In the wee hours of the morning, the side grills are open first and already there is someone sitting at one of the tables, eagerly waiting for his morning dose of coffee with newspaper in hand. He sits alone in the middle of the shop, quite oblivious to the noisy Metrobus covering half the entrance and the fact that the main door of the coffee shop is still closed.
A large sign in English reads ‘Lai Foong Restaurant’. Inside, there’s a huge mirror with painted congratulatory wishes from other establishments within the area, on the occasion of the opening of the coffee shop.
The coffeemaker, an almost zen-like Chinese man working like clockwork in the back of the kitchen, shares his thoughts between stirring coffee and looking after the steamer. ‘I remember coming here when I was really small. Now I’m 57 and I’m working here!’ He laughs. ‘I’m usually here by 4.30am. For me, I’m still young and I should work hard as long as I can. That’s how you survive in KL. Look, even the owner of the place still makes the beef noodles on his own.’
The boss arrives at 6.45am. He puts on a black apron and begins work at his stall, slicing stewed beef for the stock of his famous beef noodles. His wife and son are at the counter, manning the cash register. The other hawker stalls are fully operational with their respective captains.
Hungry patrons start trickling in, and by 8am, the place is packed. The regulars are always a welcome sight in traditional kopitiams. These are the patrons who announce their arrival with loud greetings to the owner. A Metrobus driver casually walks in and finds a spot for himself. An old Indian man enjoys his time with a cup of coffee. With people streaming in and out, the orders keep coming in from the old uncle who shuttles between taking orders and serving drinks. An old lady tells me to move away from the kitchen sink so she can start washing the dishes. She calls me a crazy person. I look at the coffeemaker, who says, ‘She calls everybody crazy!’
The war room
At this kopitiam, which shall remain unnamed, the cement floor is sinking in the middle. The tables on both sides of the coffee shop slant towards the centre. Each table is a sturdy slab of marble held up by a column of rusted iron, which used to have a small pail attached to it for the convenience of those who spat regularly. The old wooden chairs are particularly interesting, with the front part of the seat heavily worn and the feet bent under the weight of thousands of patrons over the many decades of operation.

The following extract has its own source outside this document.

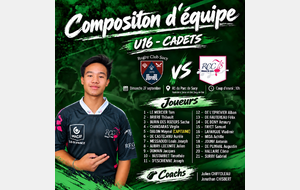 🐗🔥 U16 – 1ʳᵉ JOURNÉE DE BRASSAGE RÉGIONALE 1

The menu on the wall is written on a simple manila card, with prices slashed off and updated over time. The price of a cup of coffee used to be RM1.00, but the years have seen it rise with increments of 20 cents before finally settling at RM2.20.

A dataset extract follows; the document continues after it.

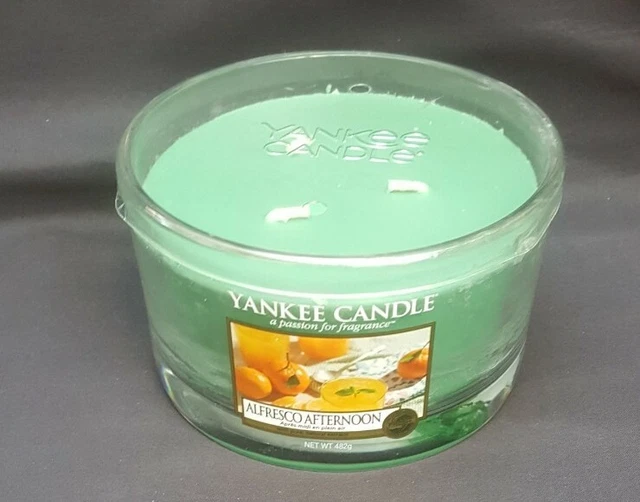 CANDELA YANKEE ALFRESCO TUMBLER POMERIDIANO 482g - TRE STOPPINI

At noon, only a single table is occupied. A chess game is underway. One of the players is a taxi driver who double parked his taxi right in front of the shop. Whenever there’s trouble, he simple gets up, re-parks his car and returns to the game.

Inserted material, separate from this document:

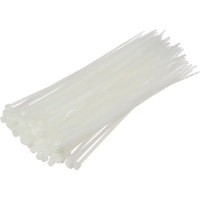 Хомут стяжка нейлоновая Topfort 4х200 (3,6х200 мм) белый 100 шт/уп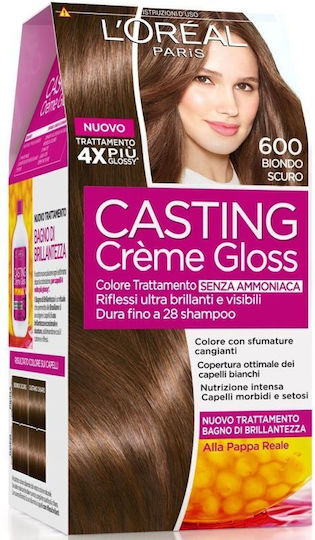 L'Oreal Paris Casting Creme Gloss Полуперманентна Боя За Коса Без Амоняк 600 Тъмноруса 48ml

By 3pm, every table in the shop is covered with chessboards. Everyone’s cursing and laughing at each other – it isn’t entirely clear if the players hate or love each other dearly. A game deep in silence will suddenly be broken up with a RM50 note thrown onto the table, accompanied by a challenge to make a specific move. The topic of the evening will depend on what the old man does next. Will he accept the wager or decline?
The old man slowly pushes the money aside. His opponent quickly stands up and shouts a chain of expletives. Another hand butts in and quickly demonstrates a series of moves on the board. Another face agrees. Two of them walk away to the next table.
In an instant, the old man is left alone at the table, staring at the chessboard, pondering on the move he could have made. He quietly gathers all the pieces and rearranges the board just as a new opponent fills the vacant chair.
Every person who walks in carries the air of walking into his own home, as if they all belong here and know exactly where each cup is kept and what every switch controls. They don’t have to worry about the menu or even if they have enough money for a drink. There is no waiter running back and forth. Conversations vary between the weather, politics, current affairs and gossip.
The kitchen only occupies a small area at the back. The empty area next to it is reserved for the constant shuffle of mahjong cubes. Further back is an empty space with only a few broken chairs, far older than many of us reading this. ‘This place was started in 1946 by my father. Back here, this is where we used to make coffee powder. But that was a long time ago.’
A brief history of the kopitiam
An understanding of the early history of the kopitiam would be incomplete without a mention of the role of the Hainanese in defining the kopitiam culture as observed today.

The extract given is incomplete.